Kohou and Crossen proved to be — at worst — capable depth pieces and will have the chance to get significant snaps in a secondary that features Howard, Jalen Ramsey, and Jevon Holland.
Then there’s Noah Igbinoghene and Cam Smith, who were high draft picks, and Trill Williams, who was impressive in camp last summer before tearing an ACL.
“Everybody’s a starter,” Dolphins cornerbacks coach Sam Madison said in the spring. “You talk about in this league, anything can happen at any given time, and that’s what I try to portray to these guys. [Kohou has] done some really great things for us last year. He played in the nickel, he played at the dime, he played at cornerback position.
“Vic [Fangio] is trying to find the best people to put on the football field, and he’s definitely in the mix just like a lot of these guys are. But now it just becomes who’s the most consistent, who’s the most productive, and who’s going to be one of those guys that we can depend on no matter what position that we put him in?”

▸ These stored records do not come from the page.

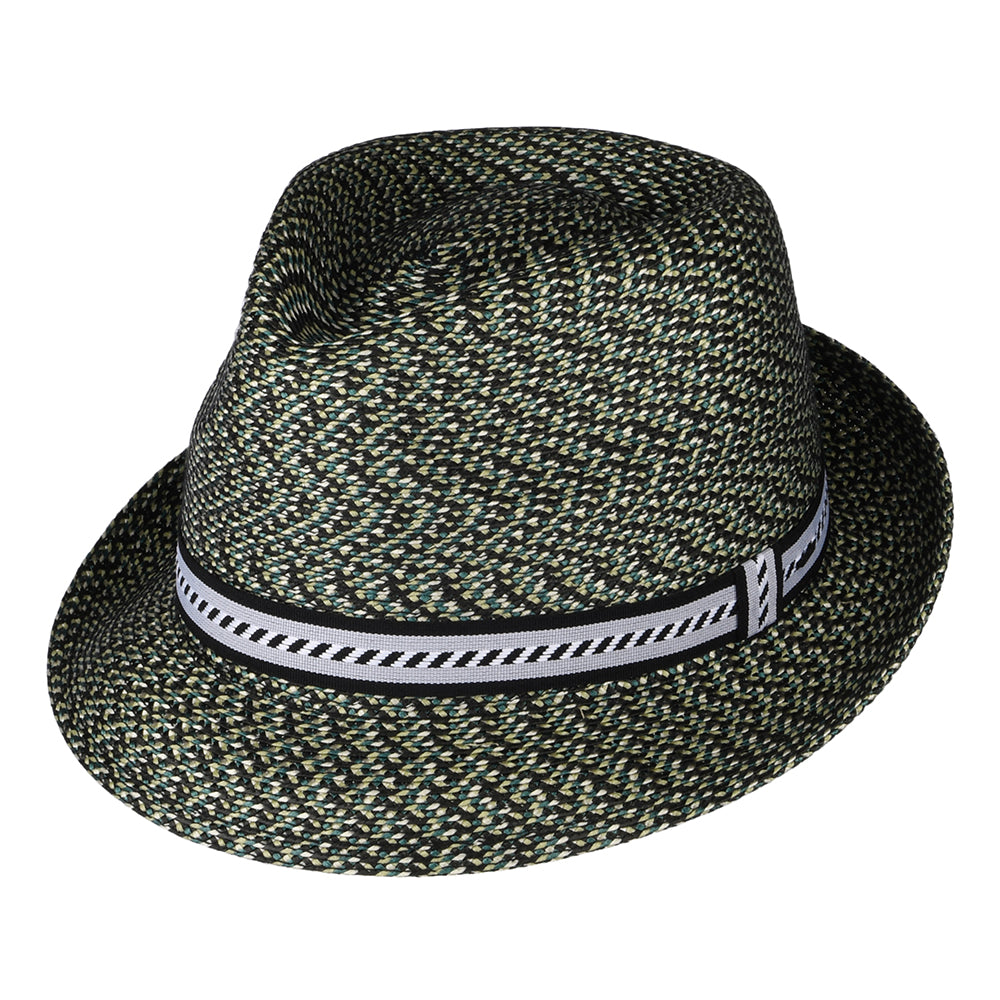 Chapeau Trilby Mannes noir-vert BAILEY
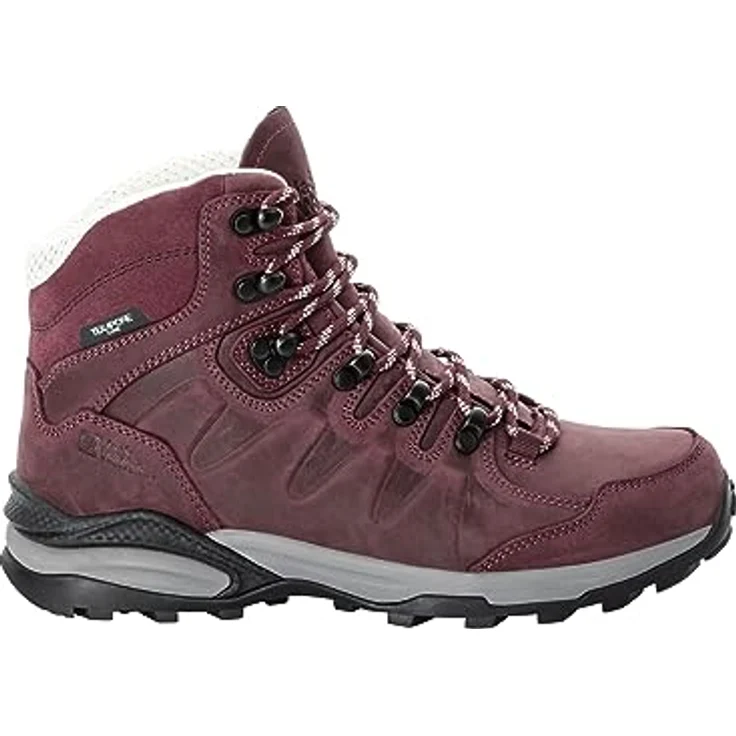 Jack Wolfskin REFUGIO PRIME TEXAPORE MID W, Damen Trekkingschuh aus geöltem Nubukleder, wasserdicht und atmungsaktiv – Bild 1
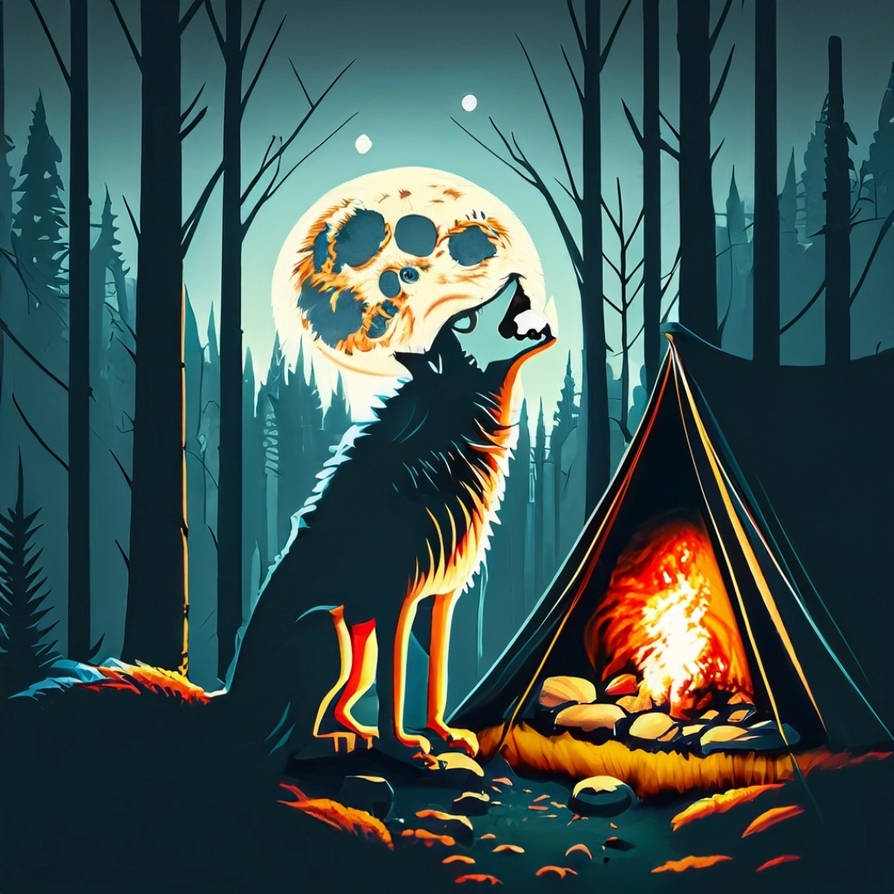 Werewolf Scampering Camp werewolf by DreadfulJesss on DeviantArt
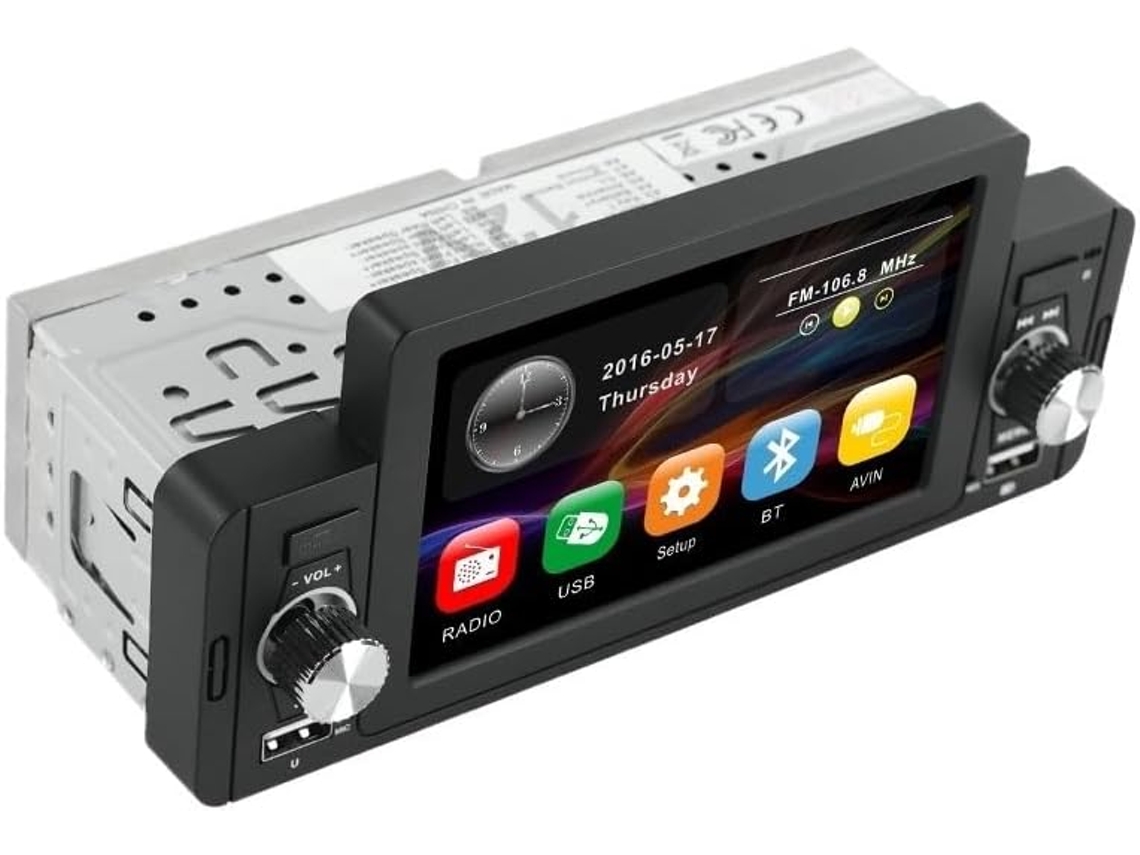 Reprodutor Multimídia Inteligente com Tela Hd Universal de 5 Polegadas, 1 Din SFUSHOS
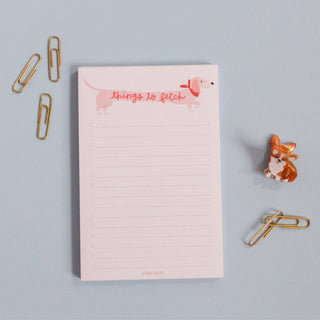 Things To Fetch Dog 4x6 Notepad.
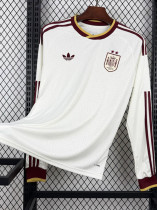 26/27 Spain Away2－Star Long Sleeve Fans Soccer Jersey长袖2星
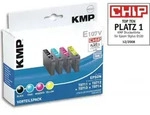 KMP MULTIPACK E107V - 4er-Pack - Schwarz, Gelb, Cyan, Magenta - kompatibel -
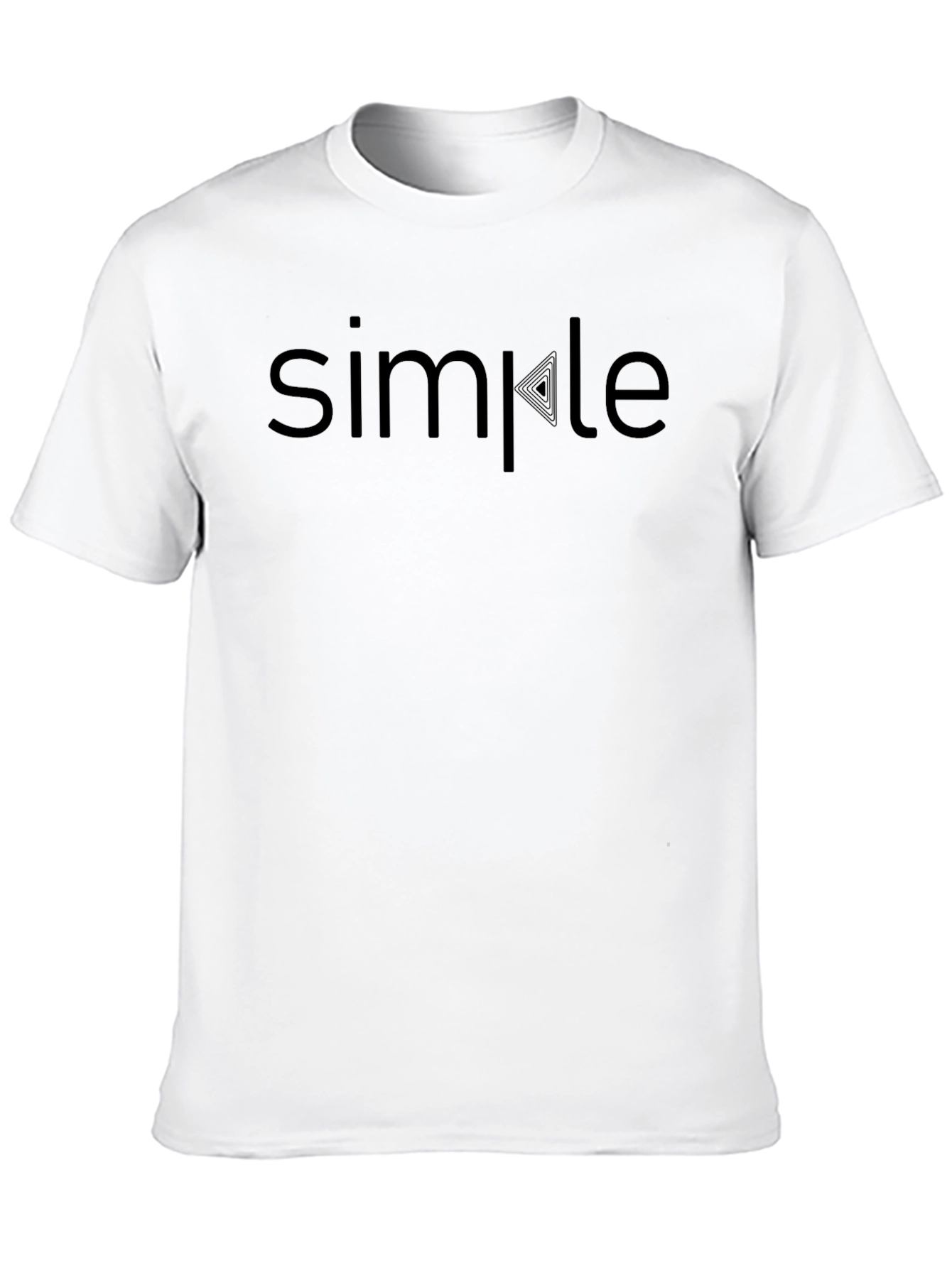 Simple Graphic Tee - Black Casual T-Shirt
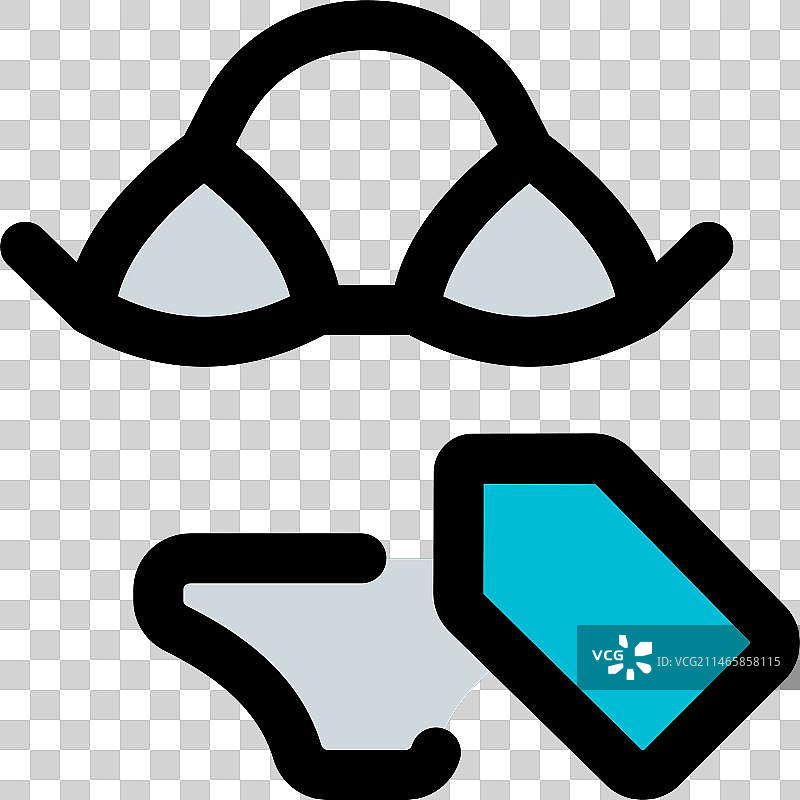 流行的时尚女士泳装图片素材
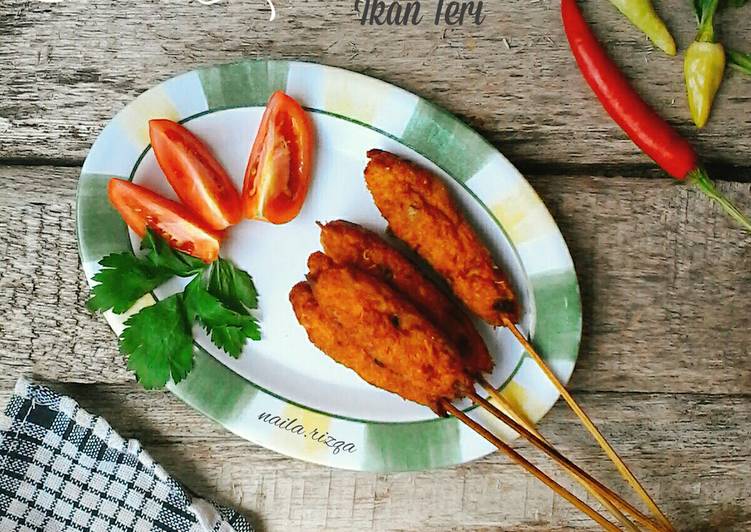 Sate Lilit Ikan Teri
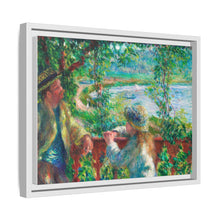 Cerca del lago (1879-1890) de Pierre-Auguste Renoir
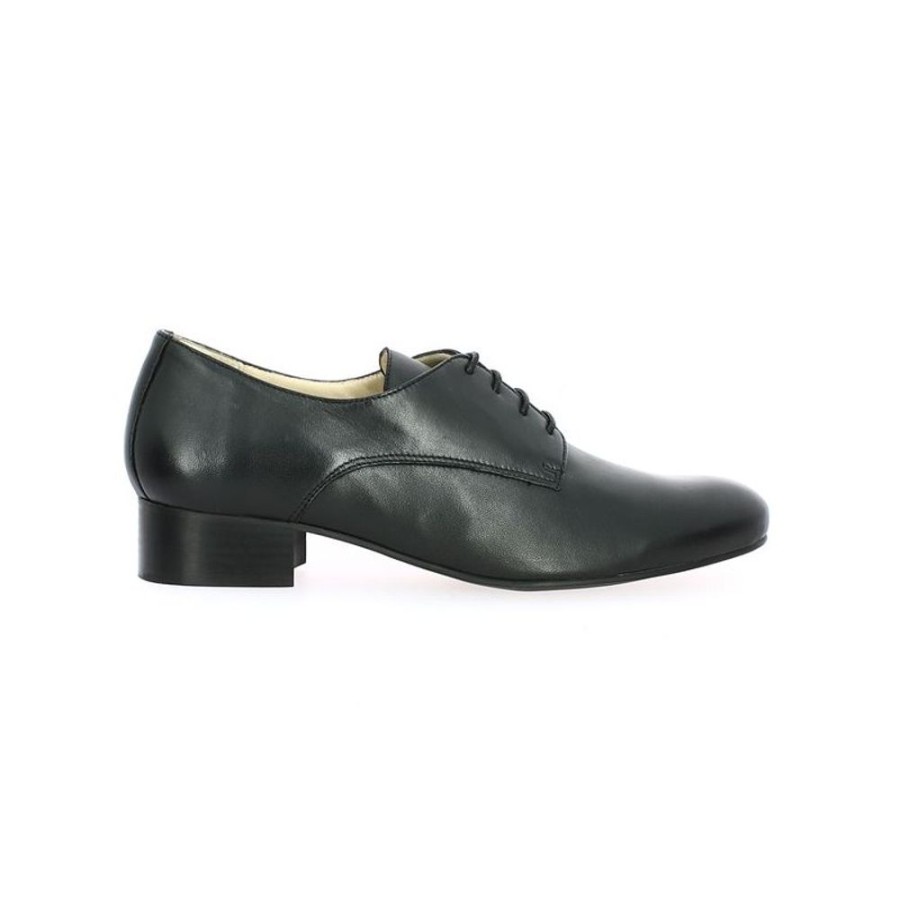 Derbys Et Mocassins Shoesissime | Derby Cuir Noir Femme 42, 43, 44, 45 - Nora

Backup Quarterback | Mike White vs. Skylar Thompson
Tua Tagoaviloa will almost certainly miss time due to injury in 2023. This isn’t us being haters. It’s a fact of life.
Tua hasn’t played a full season since he was a sophomore at Alabama. He missed significant time in 2022 due to a series of concussions, including the Dolphins’ first playoff game in six years. The head issues were serious enough for him to consider retirement in the offseason.
That’s why there’s been a bit of angst among the fan base about the team’s low-key Plan B.
After letting brittle Teddy Bridgewater walk in free agency, the Dolphins signed ex-Jets backup Mike White to compete with Skylar Thompson.
That is … a gamble.
Both have thrown more career interceptions than touchdowns. Neither has a lifetime passer rating that approaches even 80.
Thompson appears to have the early lead, but it’s entirely possible that if neither impresses during camp, Tua’s No. 2 isn’t yet on the roster. Bridgewater, for one, is still available.